ACTION ITEM:
Give the listing again character for character, but drop the images.

DATA PROVIDED:
*-*-*

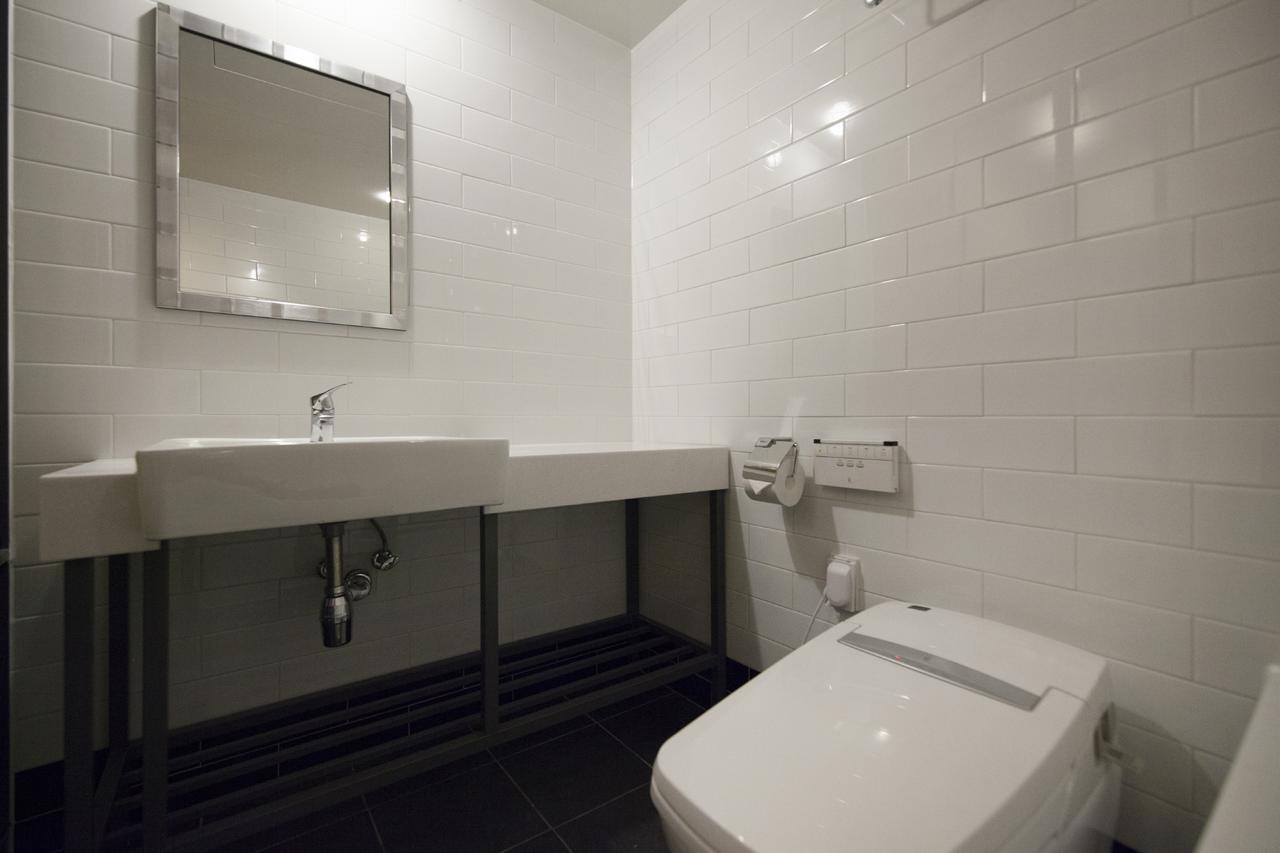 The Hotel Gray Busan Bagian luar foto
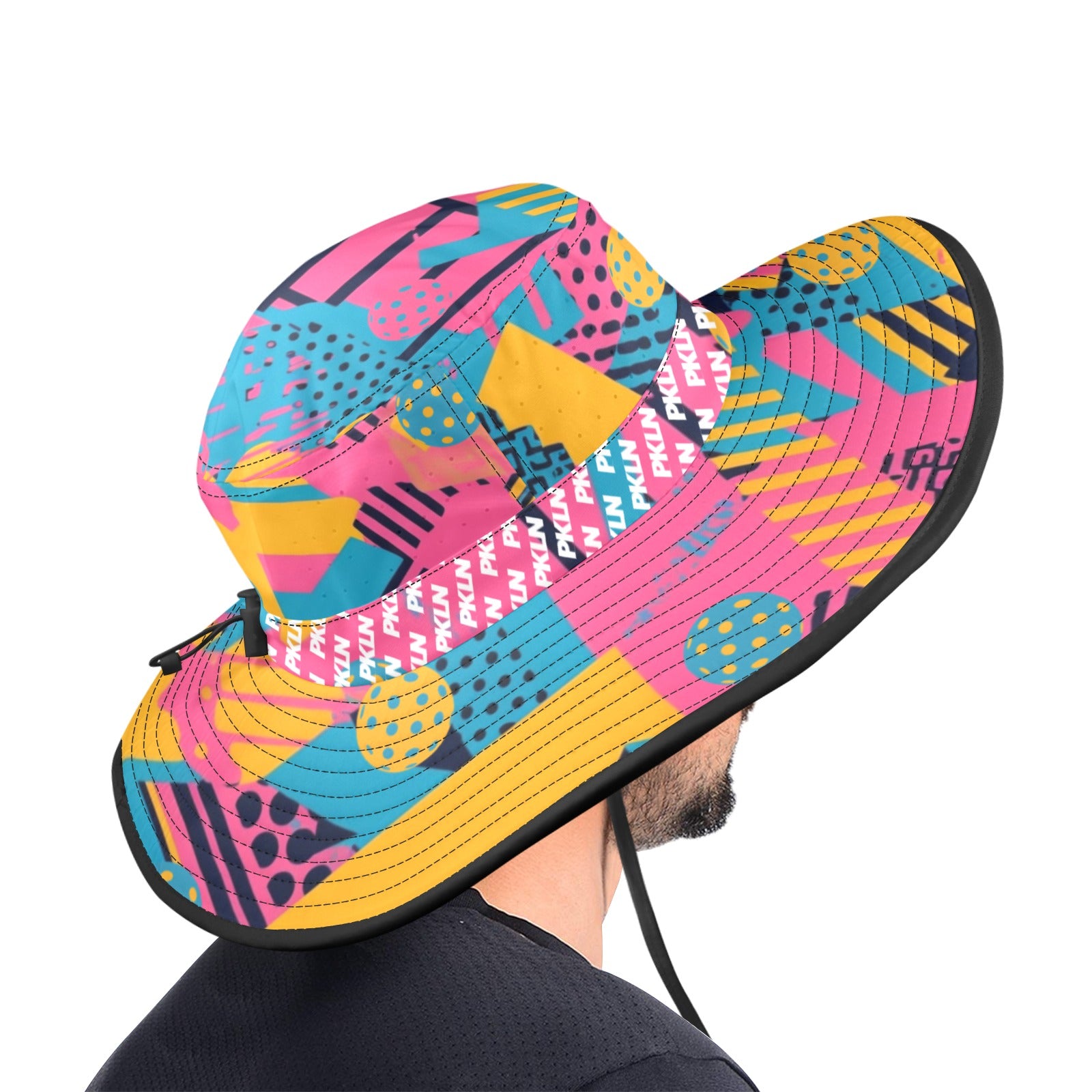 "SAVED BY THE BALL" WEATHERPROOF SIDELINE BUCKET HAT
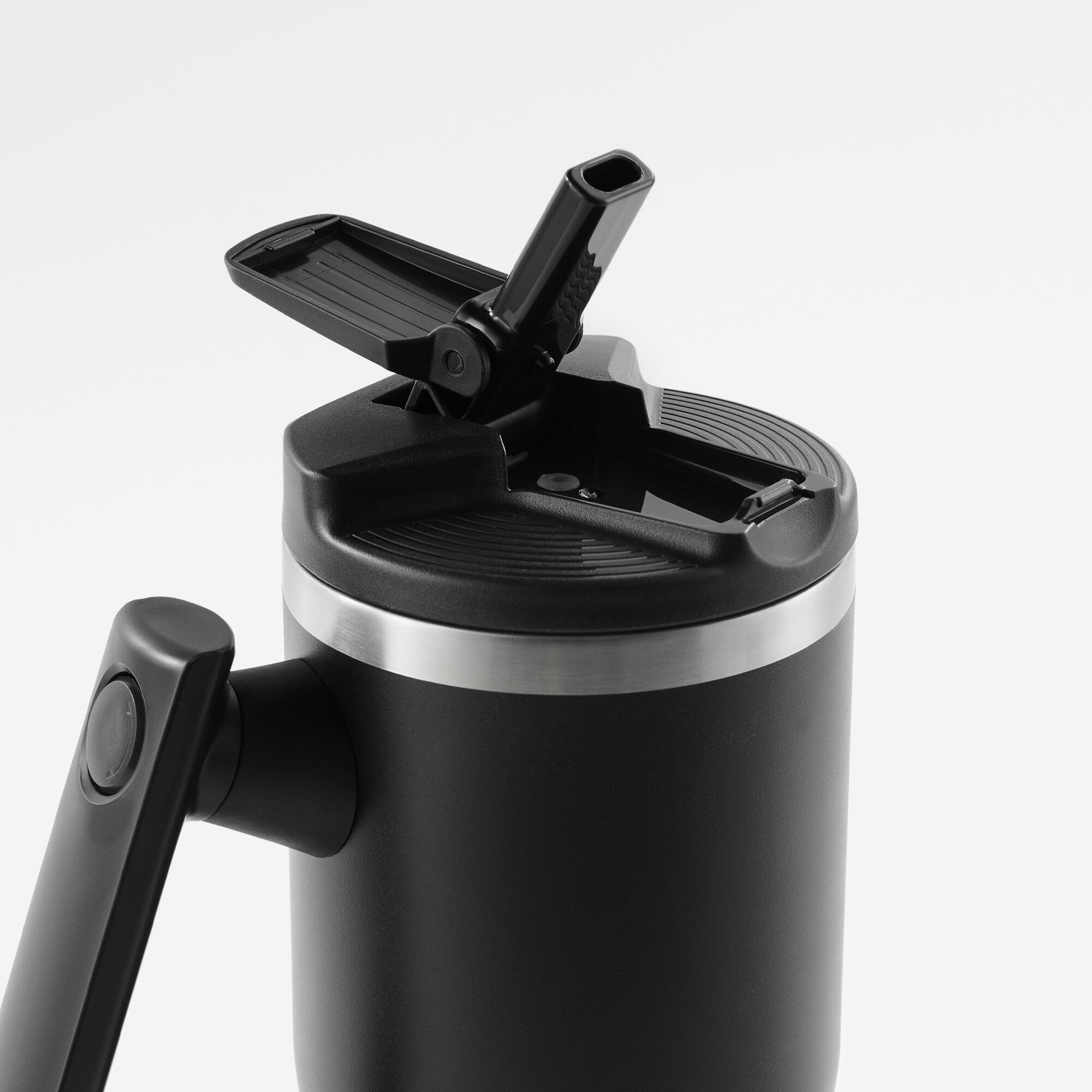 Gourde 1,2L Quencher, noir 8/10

*-*-*

RESPONSE TO THIS TASK:
 The Hotel Gray Busan Bagian luar foto
 "SAVED BY THE BALL" WEATHERPROOF SIDELINE BUCKET HAT
 Gourde 1,2L Quencher, noir 8/10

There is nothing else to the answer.